What you are asked to do:
Omitting all pictures, retype the entries below exactly as given.

[Extracted records]
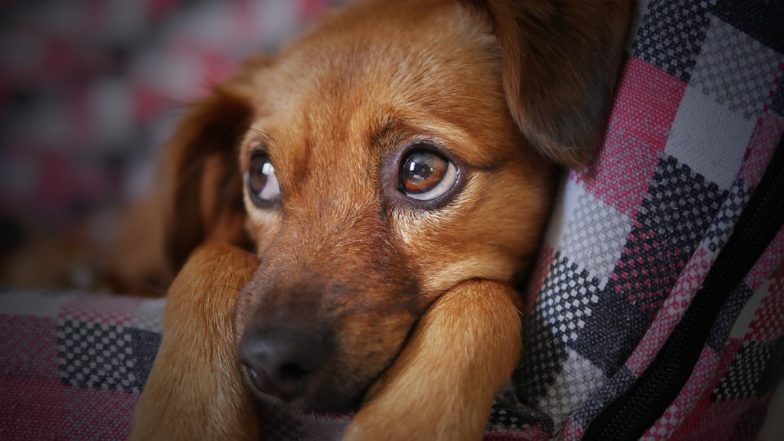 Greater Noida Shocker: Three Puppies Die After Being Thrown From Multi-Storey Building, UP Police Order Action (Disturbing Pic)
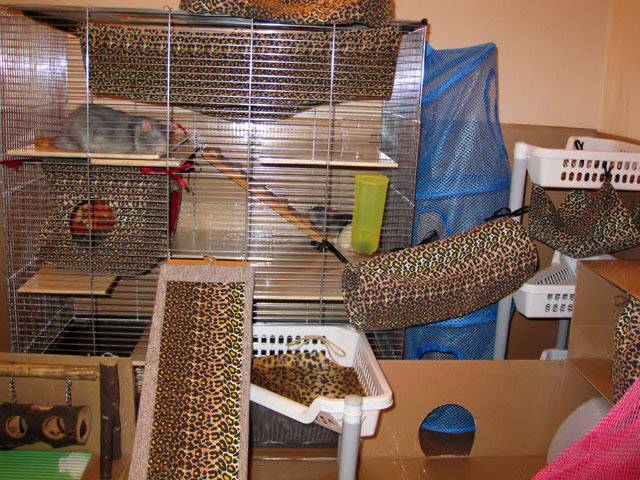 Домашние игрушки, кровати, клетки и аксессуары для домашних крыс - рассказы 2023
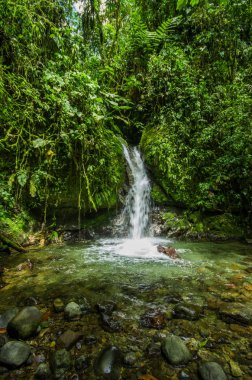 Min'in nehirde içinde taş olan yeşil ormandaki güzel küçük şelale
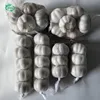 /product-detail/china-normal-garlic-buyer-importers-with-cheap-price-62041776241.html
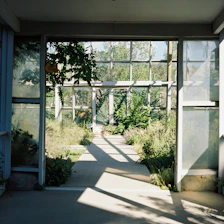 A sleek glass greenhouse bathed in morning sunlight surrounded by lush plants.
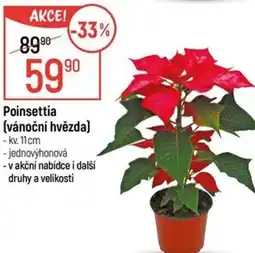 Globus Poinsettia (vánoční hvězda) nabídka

Response:
 Greater Noida Shocker: Three Puppies Die After Being Thrown From Multi-Storey Building, UP Police Order Action (Disturbing Pic)
 Домашние игрушки, кровати, клетки и аксессуары для домашних крыс - рассказы 2023
 Min'in nehirde içinde taş olan yeşil ormandaki güzel küçük şelale
 /product-detail/china-normal-garlic-buyer-importers-with-cheap-price-62041776241.html
 A sleek glass greenhouse bathed in morning sunlight surrounded by lush plants.
 Globus Poinsettia (vánoční hvězda) nabídka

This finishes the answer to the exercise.